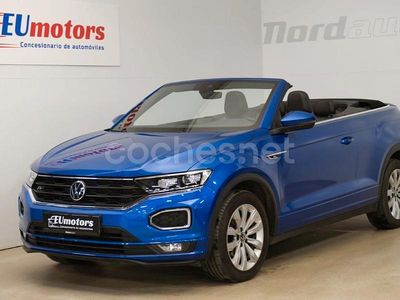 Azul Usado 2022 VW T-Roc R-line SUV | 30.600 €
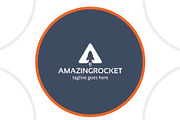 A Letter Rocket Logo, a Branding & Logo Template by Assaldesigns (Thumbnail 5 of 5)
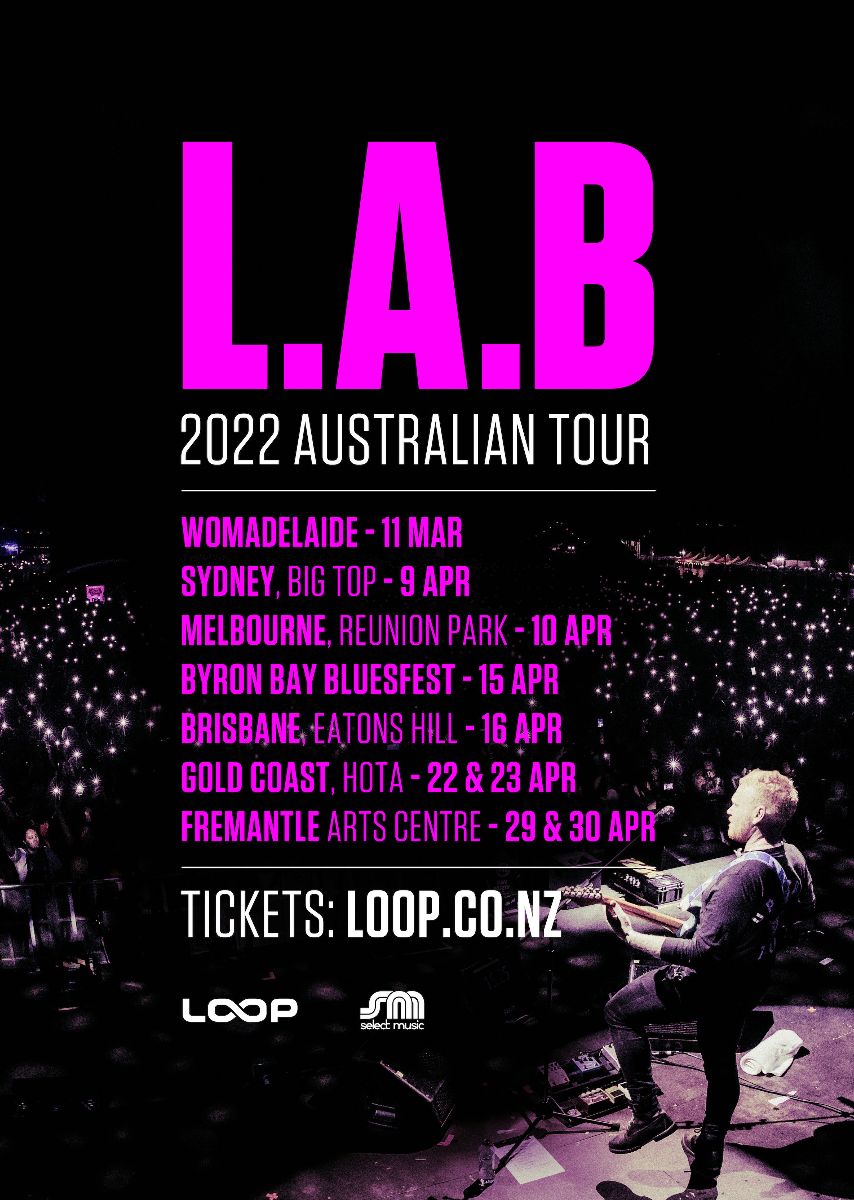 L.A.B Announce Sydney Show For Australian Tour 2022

--

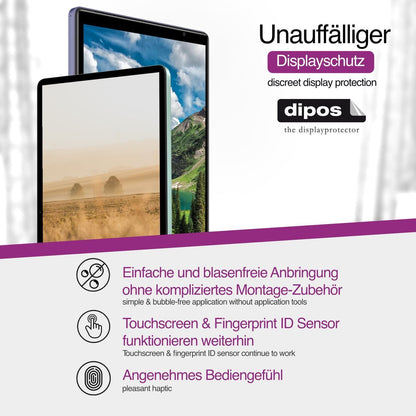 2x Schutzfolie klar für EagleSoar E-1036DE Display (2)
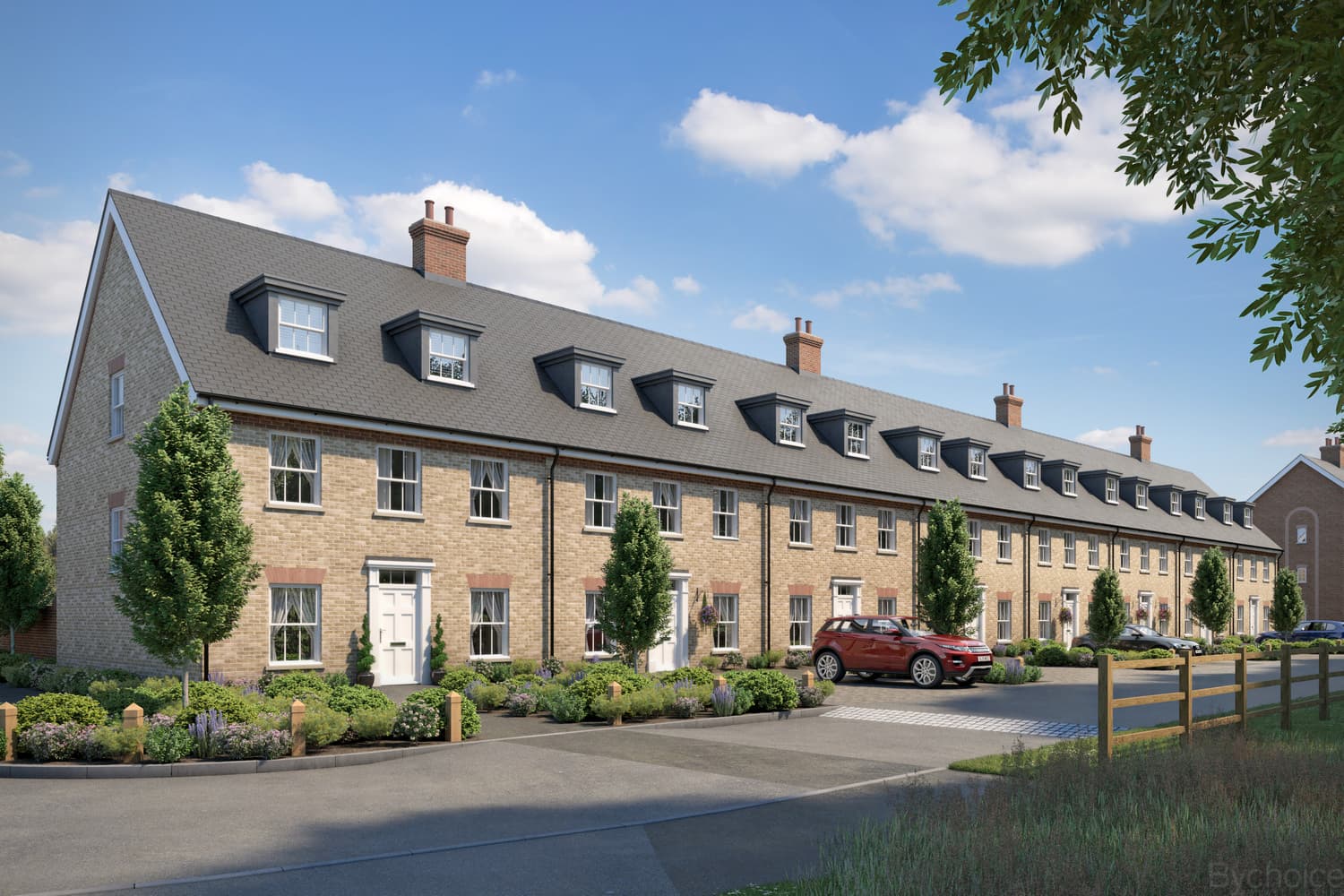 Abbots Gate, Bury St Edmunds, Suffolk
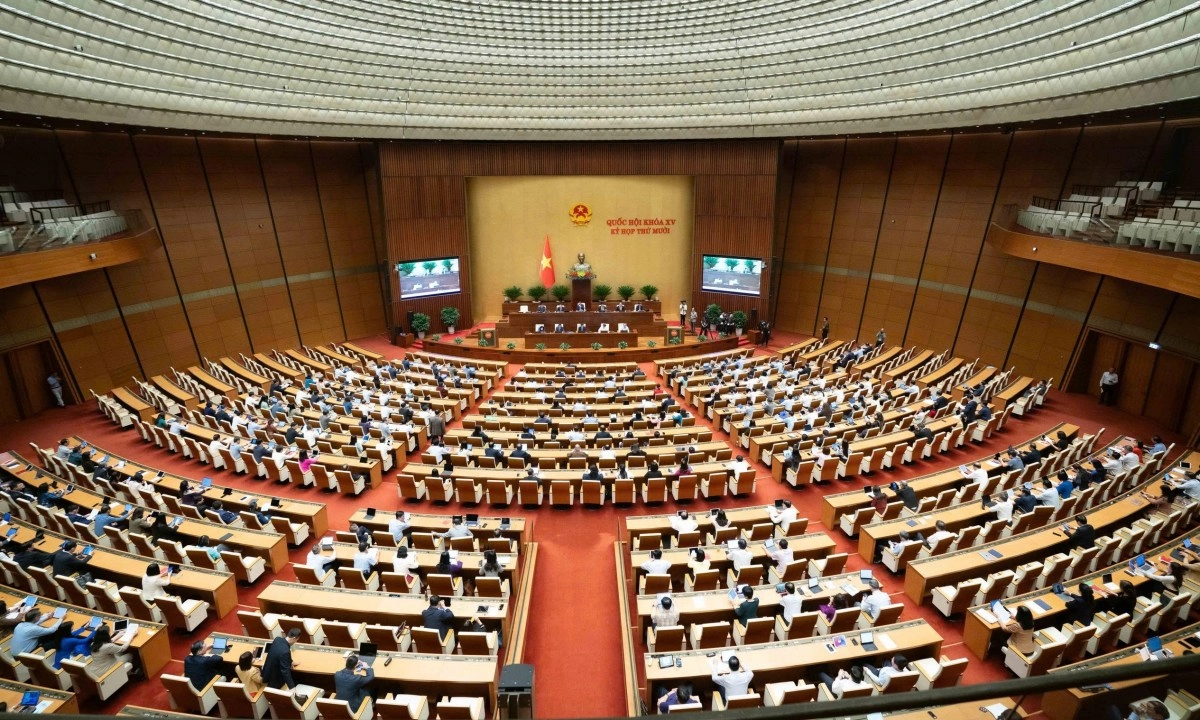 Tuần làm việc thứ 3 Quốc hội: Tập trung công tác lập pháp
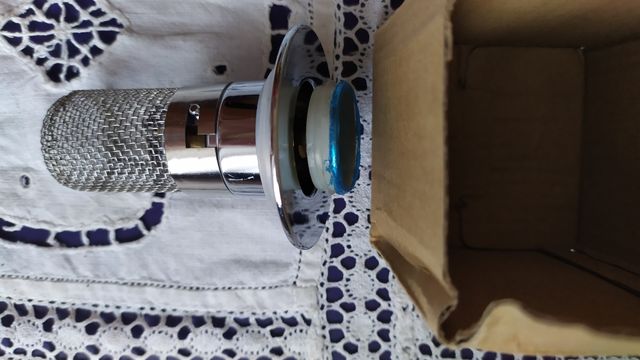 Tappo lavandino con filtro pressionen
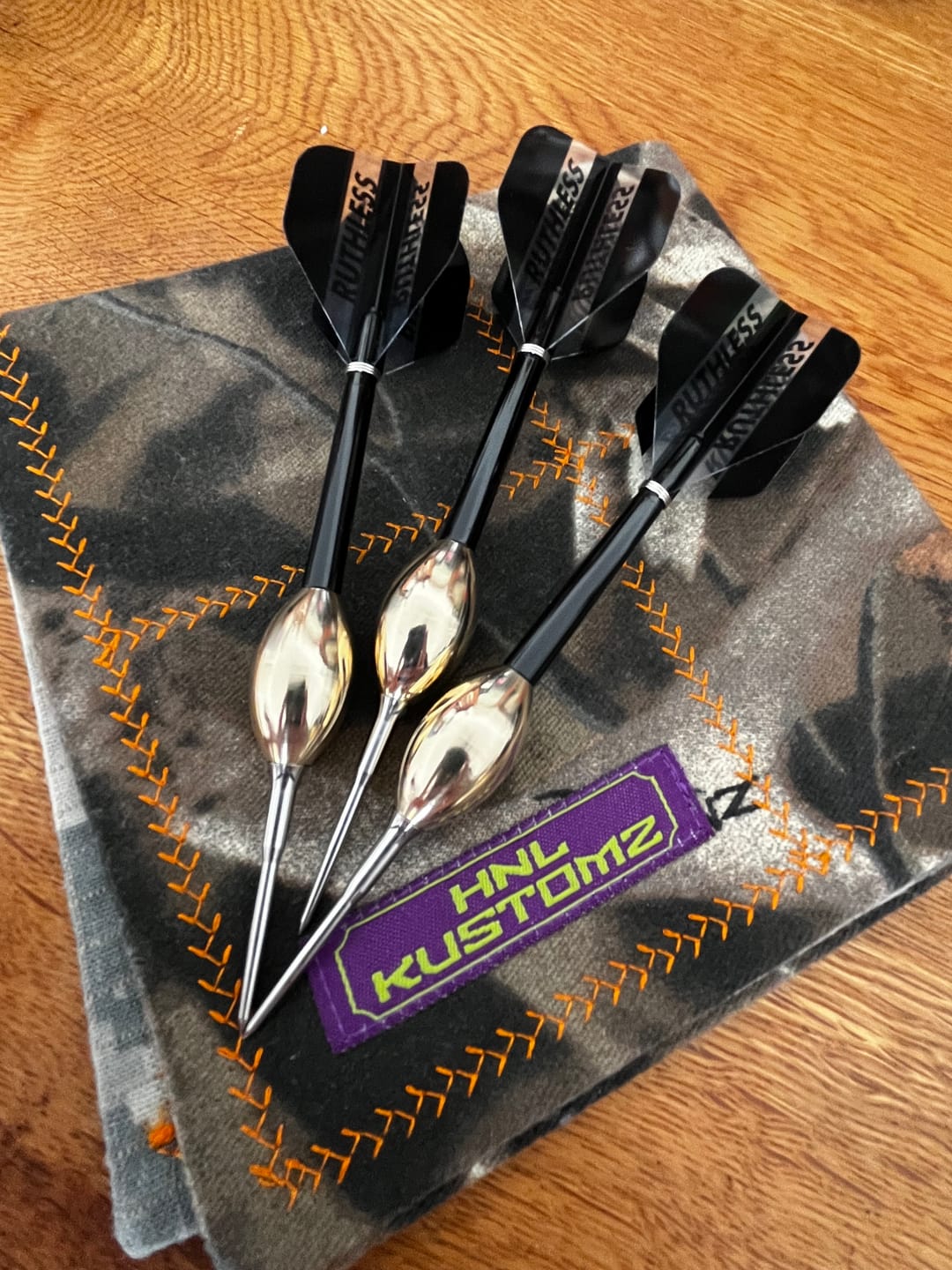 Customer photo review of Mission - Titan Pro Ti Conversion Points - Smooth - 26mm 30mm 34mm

* * *

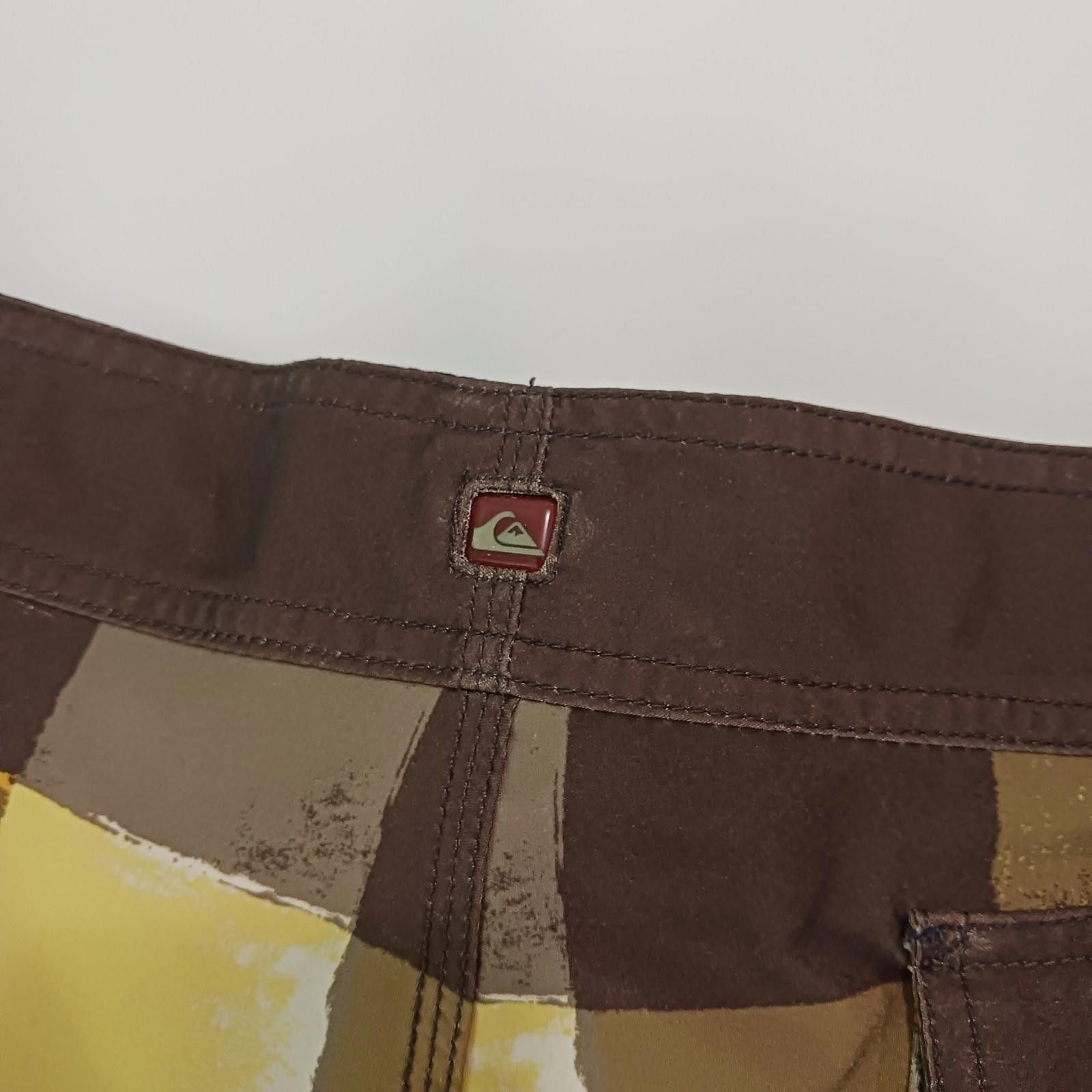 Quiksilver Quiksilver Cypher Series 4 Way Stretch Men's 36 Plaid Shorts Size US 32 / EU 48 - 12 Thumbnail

● **Directions**:
In the entries above, which lines run from the one with "Azul Usado 2022" up to and including the one with "L.A.B Announce Sydney"? Write them out exactly, without the pictures.

● **Solution to the problem**:
 Azul Usado 2022 VW T-Roc R-line SUV | 30.600 €
 A Letter Rocket Logo, a Branding & Logo Template by Assaldesigns (Thumbnail 5 of 5)
 L.A.B Announce Sydney Show For Australian Tour 2022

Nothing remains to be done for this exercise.